A combination of sintilimab, anlotinib, and chemotherapy has shown promising efficacy in patients with relapsed small cell lung cancer (SCLC), according to a recent study. The trial, which included 25 patients, demonstrated a confirmed objective response rate (ORR) of 60% and a median overall survival (OS) of 13.4 months, offering a potential new treatment option for this aggressive cancer.
Efficacy and Outcomes
The study revealed that 15 out of 25 patients experienced a confirmed partial response (PR), while 4 patients had stable disease (SD). The confirmed ORR was 60% (95% CI: 38.7–78.9%), and the disease control rate (DCR) was 76% (95% CI: 54.9–90.6%). The median time to response was 1.9 months (95% CI: 1.57–NA), and the median duration of response (DOR) was 5.2 months (95% CI: 4.1–11.7). The median progression-free survival (mPFS) was 6.0 months (95% CI: 5.4–9.7), with a 6-month PFS rate of 49.2%. The median OS was 13.4 months (95% CI: 11.8–NR), and the 12-month OS rate was 62.2%.
Safety Profile
The combination therapy was generally well-tolerated. The most common treatment-related adverse events (TRAEs) of any grade were leukopenia (56.0%), anemia (52.0%), and elevated γ-glutamyltransferase (GGT) (48.0%). Grade 3 or 4 TRAEs occurred in 16% of patients, with elevated aspartate aminotransferase (AST) being the most common. Serious adverse events occurred in three patients, and TRAEs leading to drug discontinuation occurred in two patients. No treatment-related deaths were reported.
ctDNA Analysis and Biomarker Discovery
Exploratory analysis of circulating tumor DNA (ctDNA) revealed that the most frequently mutated genes included TP53 (88%), MUC16 (56%), RB1 (44%), DNMT3A (31%), and ZFHX4 (31%). Notably, the presence of KMT2D mutations showed a trend towards a negative impact on survival, with a hazard ratio (HR) of 4.103 (95% CI: 0.968–17.382, p = 0.055). Patients with KMT2D mutations experienced shorter PFS (Log-Rank p = 0.038), suggesting a potential role of KMT2D mutations in treatment resistance.
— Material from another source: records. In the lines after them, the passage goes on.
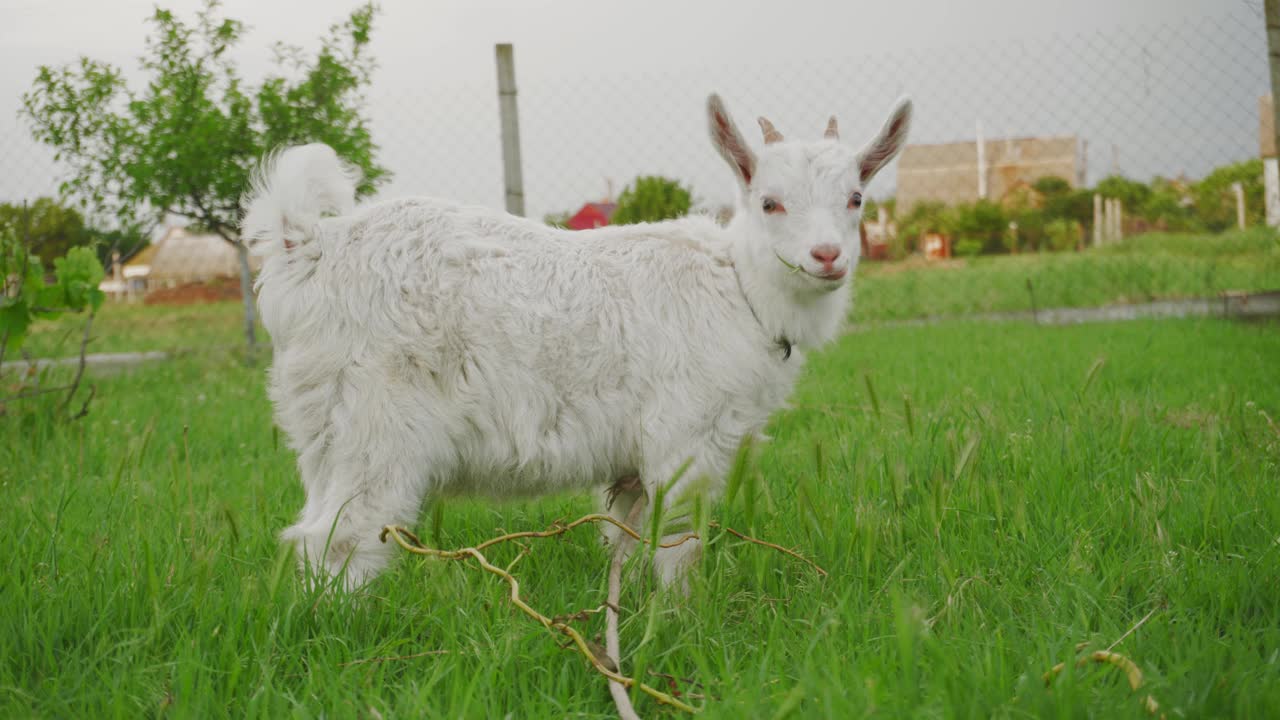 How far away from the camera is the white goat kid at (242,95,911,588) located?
7.97 feet

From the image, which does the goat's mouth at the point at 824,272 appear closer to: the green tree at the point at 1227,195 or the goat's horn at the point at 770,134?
the goat's horn at the point at 770,134

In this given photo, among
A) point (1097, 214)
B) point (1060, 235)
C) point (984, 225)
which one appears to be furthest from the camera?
point (984, 225)

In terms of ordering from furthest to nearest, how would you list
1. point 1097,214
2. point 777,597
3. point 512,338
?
point 1097,214, point 512,338, point 777,597

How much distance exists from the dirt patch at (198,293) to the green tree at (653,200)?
39.9 ft

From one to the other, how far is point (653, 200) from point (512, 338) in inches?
324

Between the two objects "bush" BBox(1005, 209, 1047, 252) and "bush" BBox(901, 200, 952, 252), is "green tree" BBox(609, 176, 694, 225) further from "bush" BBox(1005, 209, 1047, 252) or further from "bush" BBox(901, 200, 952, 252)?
"bush" BBox(1005, 209, 1047, 252)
Further analysis showed that low on-treatment bTMB was correlated with improved outcomes, with an HR of 0.197 (95% CI: 0.037–1.037, p = 0.055). Patients exhibiting high on-treatment bTMB levels during treatment demonstrated markedly improved PFS (Log-rank P = 0.034) and OS (Log-rank P = 0.005), suggesting on-treatment bTMB as a predictive biomarker for therapeutic efficacy.
Functional and Epigenetic Consequences of KMT2D Mutations
Comparative analysis of KMT2D protein levels revealed a significant reduction in the mutant (MUT) group compared to the wild-type (WT) group (p < 0.01). Epigenetic changes associated with KMT2D mutations highlighted the regulatory impact of such mutations on gene expressions, particularly affecting histone methylation, chromatin disassembly, and protein–DNA complex disassembly. Enrichment analysis indicated that histone H3K9 trimethylation, a critical marker of gene silencing, was the most significantly impacted process (p < 0.01), underscoring the profound epigenetic influence exerted by KMT2D mutations in SCLC.
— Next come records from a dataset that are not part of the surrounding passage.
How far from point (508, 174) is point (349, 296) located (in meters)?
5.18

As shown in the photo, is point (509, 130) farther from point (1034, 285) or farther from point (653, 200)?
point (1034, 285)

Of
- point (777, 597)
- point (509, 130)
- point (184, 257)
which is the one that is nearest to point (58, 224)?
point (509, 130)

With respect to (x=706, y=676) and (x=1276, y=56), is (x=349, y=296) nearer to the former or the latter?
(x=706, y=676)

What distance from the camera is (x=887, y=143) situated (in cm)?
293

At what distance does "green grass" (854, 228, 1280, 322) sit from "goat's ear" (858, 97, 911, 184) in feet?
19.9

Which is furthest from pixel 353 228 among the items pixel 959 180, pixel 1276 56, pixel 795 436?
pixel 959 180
Modulation of Cellular and Immune Pathways by KMT2D Mutations
Significant pathway suppression was observed in KMT2D mutant cells, particularly in apoptotic signaling and immune response pathways. Comparative protein expression analysis demonstrated significant downregulation of key apoptosis-related proteins in the presence of KMT2D mutations, indicating a broad impact on cellular stress responses and apoptotic mechanisms. GSEA highlighted notable downregulation of antigen processing and presentation pathways, highlighting potential immune evasion by mutant cells.
The findings suggest that the combination of sintilimab, anlotinib, and chemotherapy may offer a valuable treatment option for patients with relapsed SCLC. Further research is needed to validate these results and to explore the potential of KMT2D mutations and bTMB as predictive biomarkers.